Les implications pour le fonctionnement démocratique du système politique tel qu’il est actuellement constitué dépendent moins du fait que les anciens partis réussissent à garder leur part du vote que des questions et du style de débats que les nouveaux mouvements apportent à la politique.
S’ils nourrissent de larges débats publics et stimulent une nouvelle réflexion, ils peuvent apporter un nouveau dynamisme. Mais s’ils deviennent des « petites chapelles » qui marginalisent les minorités et excluent certaines parties de la société, ils pourraient nuire.
De nouvelles sources et formes pour créer, accéder et utiliser l’information en politique : les citoyens, comme les élus sont submergés
Le web fournit de vastes quantités de données et un large éventail de sources d’information sur un vaste éventail de questions, accessibles à tout être humain disposant d’une connexion Internet.
Des changements majeurs s’observent dans la façon dont les gens trouvent, accèdent, consomment, créent et partagent des informations sur la politique. En particulier, les médias sociaux sont en train de changer où et comment les gens obtiennent leurs informations politiques.
Comment s’assurer que les électeurs, les représentants et les institutions ne soient pas submergés par des données politiques inexactes et non pluralistes au point de les déstabiliser ?
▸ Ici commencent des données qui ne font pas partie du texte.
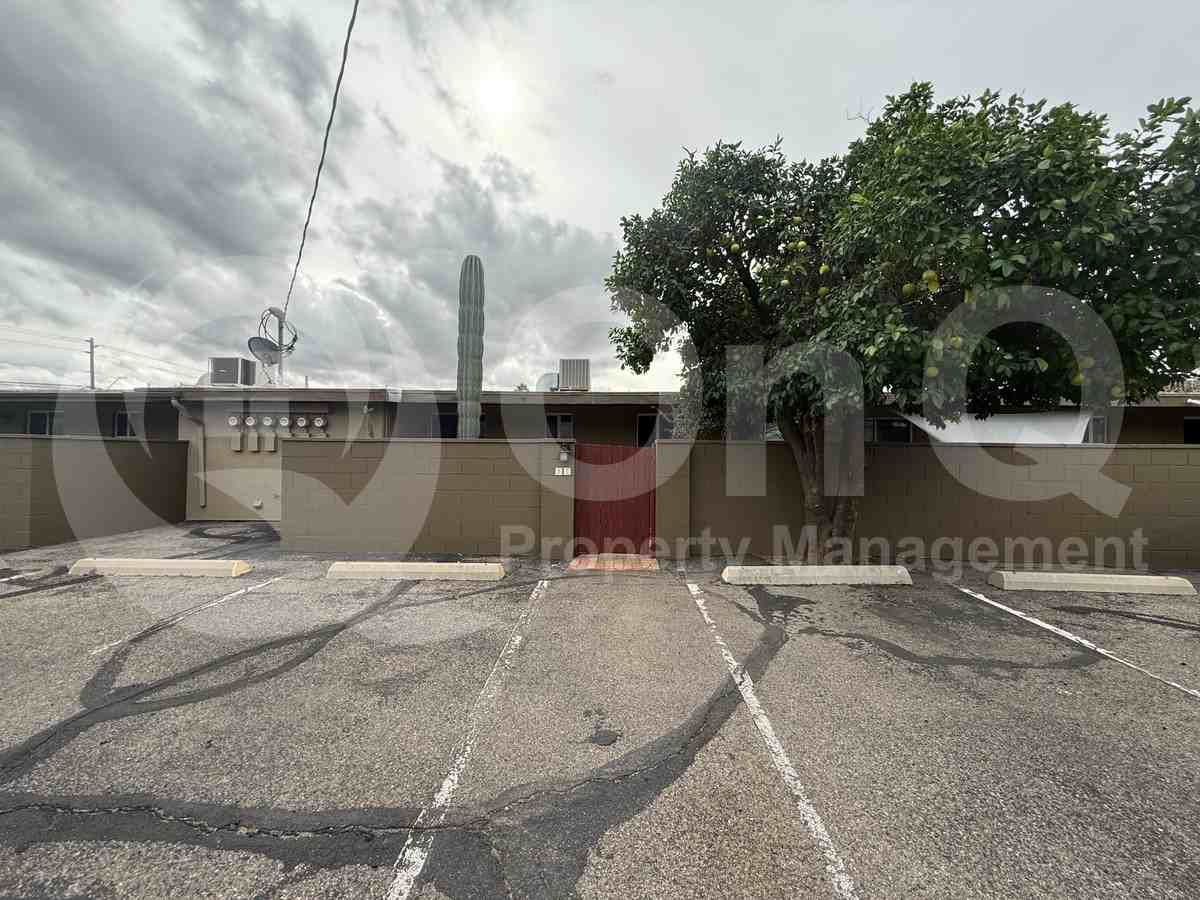 2861 N Columbus Blvd #57 - Photo 5 of 23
Les démocraties font face à une situation nouvelle en passant de la rareté au déluge des informations : entre les infos des médias traditionnels, des politiques et générées par les internautes-utilisateurs, qui entrent directement dans la vie publique, sans intervention ni médiation d’un « gatekeeper » professionnel.
L’accès à l’information s’est démocratisé mais les informations sont plus trompeuses. L’éventail des erreurs, des demi-vérités, des mensonges – l’ère « post-truth » actuellement en ligne – remet en question la capacité des gens à distinguer entre les bonnes et les mauvaises informations. Il en va de même pour les hommes politiques européens. Ils reçoivent également de vastes volumes de données générées par les utilisateurs.
Les effets ultimes de ces changements sur les attitudes politiques sont encore inconnus, mais les élections américaines invitent à lire comme conséquence un débat politique plus polémique et polarisé.
Certes, Internet démocratise la création de l’information et met à la disposition des gens une large diversité d’opinions, ce qui amène davantage d’engagement et de pluralisme. Mais, le défi vital est comment les citoyens peuvent mieux naviguer et utiliser l’information non médiatisée de manière à soutenir des sociétés ouvertes et libres et comment la technologie peut aider les citoyens à tenir leurs élus responsables et encourager une plus grande transparence et responsabilisation.